Thomas appealed his sentence (Doc. No. 200), and while that appeal was pending, the Supreme Court issued its decision inUnited States v. Booker, 543 U.S. 220 (2005). Accordingly, in an amended opinion, the Third Circuit remanded the case for resentencing so that the Court could apply the sentencing guidelines in an advisory manner. See United States v. Thomas, 173 F. App'x 177, 178 (3d Cir. 2006).

The Third Circuit's opinion initially held that drug quantity had to be admitted by the defendant or found by a jury and could not be properly determined by the district judge at sentencing. (See Doc. No. 266-2.) The Government argued for reconsideration of that ruling in light of the circumstances of Thomas's case. (Doc. No. 380 at 4-5.) In response, the Third Circuit issued an order amending the opinion to state: "After Booker, such facts may be found by the District Judge, but only if the sentencing guidelines are applied in an advisory manner." (See Doc. No. 266-3.)

Thomas appeared before the Court for his resentencing hearing on July 17, 2006. At the outset, Thomas's counsel conceded that the Court "accurately determined the applicable guideline range" in his original sentencing hearing. (See Transcript, Resentencing Hearing, at 2:8-12 (hereinafter "Resentencing Tr.").) Thomas's counsel went on to argue extensively for a variance from the guideline range under Booker and 18 U.S.C. § 3553(a) for reasons including his background, upbringing, unwarranted sentencing disparities, and the 100-to-1 crack-to-powder cocaine ratio. Considering those arguments and all the factors under § 3553(a), the Court determined that a variance was not warranted and that the originally imposed sentence of 177 months was appropriate under the circumstances. (Id. at 23:16-24:2.)

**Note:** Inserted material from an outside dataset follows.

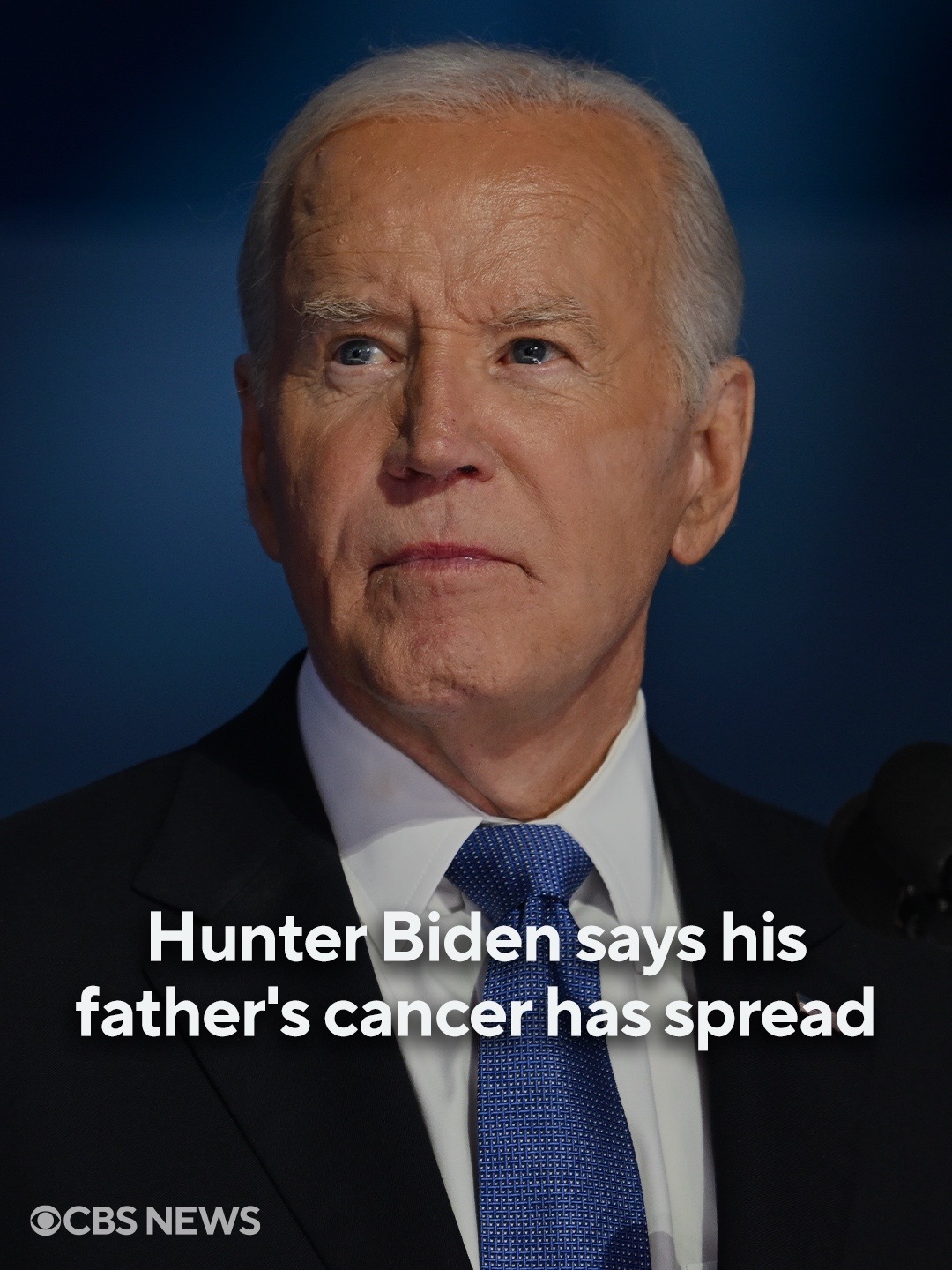 @cbsnews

Thomas appealed his resentencing, arguing that the sentence imposed was unreasonable. United States v. Thomas, 254 F. App'x 937, 938 (3d Cir. 2007). The Third Circuit rejected this argument and affirmed the Court's 177 month sentence. Id. Thomas then filed the present motion.

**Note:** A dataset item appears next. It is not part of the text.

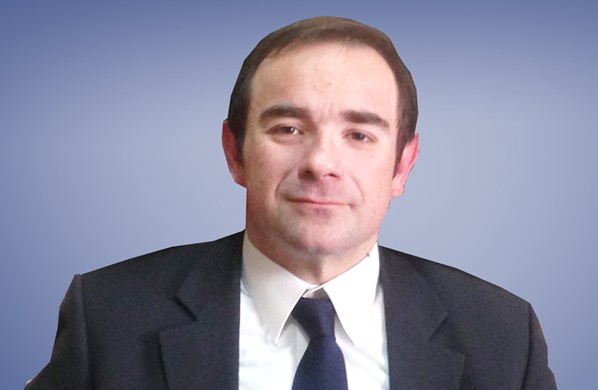 Δικηγορικές e-κλογές με στοιχεία από το παρελθόν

On October 2, 2009, the Court granted a further reduction of Thomas's sentence to 143 months as a result of the recent crack cocaine amendments to the Federal Sentencing Guidelines. (Doc. No. 175.)

II. DISCUSSION

Under 28 U.S.C. § 2255, a federal prisoner may move the sentencing court to vacate, set aside, or correct the prisoner's sentence on the grounds that:

the sentence was imposed in violation of the Constitution or laws of the United States, or that the court was without jurisdiction to impose such sentence, or that the sentence was in excess of the maximum authorized by law, or is otherwise subject to collateral attack. . . .
28 U.S.C. § 2255. In evaluating a § 2255 motion, "the court must accept the truth of the movant's factual allegations unless they are clearly frivolous on the basis of the existing record."United States v. Booth, 432 F.3d 542, 545-46 (3d Cir. 2005) (quoting Government of the Virgin Islands v. Forte, 865 F.2d 59, 62 (3d Cir. 1989)). Read liberally, Thomas's pro se motion and brief in support raise issues regarding the ineffective assistance of his counsel at his resentencing hearing and failing to make further argument for a sentencing reduction based on acceptance of responsibility. (Doc. Nos. 338-39.) In his response to the Government's brief, Thomas also attempts to raise new issues not raised in his initial petition, including challenges to the Court's determinations at his sentencing and the validity of his guilty plea. (Doc. No. 383.) The Court will address these contentions in turn.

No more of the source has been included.